Further explanation to: Trade Alert – (UAL)
Sell the United Continental Holdings (UAL) April, 2013 $27-$30 call spread at $2.35 or best
expiration date: 4-19-2012
Portfolio weighting: 10%
Number of Contracts = 36 contracts
Delta announces that revenues grew by only 2% in the last quarter, so of course, they trash United Continental Group (UAL), taking it down 11% from the recent high. As a former pilot myself, I always allow an extra safety margin separating me from a catastrophic event. This time it came in handy, my deep out-of-the-money call spread limiting my losses to a handful of basis points.
Have no doubt this position will expire in the money. But the share price has crossed that line in the sand of the upper strike price on the call spread. Prudent risk control demands that I bail. I am still up 30% in 2013. There is no point in blowing it on a crappy airline that doesn’t even give you free peanuts back in coach anymore. Or so I heard.
The one mitigating factor here is that those who also strapped on the United Continental Holdings (UAL) April, 2013 $34-$36 bear put spread at $1.76 will now almost certainly take in 68 basis points in profit by running it to the maximum $2 value, cutting the loss on the call spread by half. Such is the value of the hedge. If I had gone with a full 10% weighting on the short side, I would have had the luxury of running both positions into expiration.
After sending you 30 consecutive winning trade alerts, it was just a matter of time before one of these bit you back. Notice that the higher prices go, the more often this will happen. Markets get dizzy, squirrely, and punch drunk at high altitude, no doubt from the shortage of oxygen in the form of fresh new cash flows. Let this be a shot across your bow, that we are entering dangerous, even uncharted territory.

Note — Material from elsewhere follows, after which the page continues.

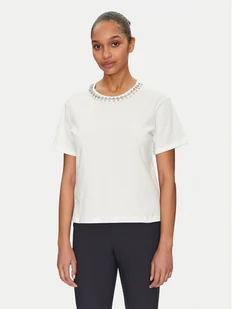 Morgan T-Shirt 251-DOUTI Biały Regular Fit - Koszulki i topy damskie - miniaturka - grafika 1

Notice also that we lost money on an individual name while the main market continued to ascend. That is the double-edged sword of picking a single sector or company. A one off news event can send your prices spilling while everyone else is laughing all their way to the bank. This happened to me last year with Apple (AAPL). You get double the profit with individual option spreads, but with double the risk.
The best execution can be had by placing your bid for the entire spread in the middle market and waiting for the market to come to you. The difference between the bid and the offer on these deep in-the-money spread trades can be enormous. Don’t execute the legs individually or you will end up losing much of your profit.
Keep in mind that these are ballpark prices only. Spread pricing can be very volatile on expiration months farther out.
Here are the specific trades you need to execute this position:
Sell 36 April, 2013 (UAL) $27 calls at………………………$3.20
Buy to cover Short 36 April, 2013 (UAL) $30 calls at.…….$0.85
Loss: $2.74 – $2.35 = -$0.39
(-$0.39 X 100 X 36) = -$1,404 – -1.40% for the notional $100,000 model portfolio.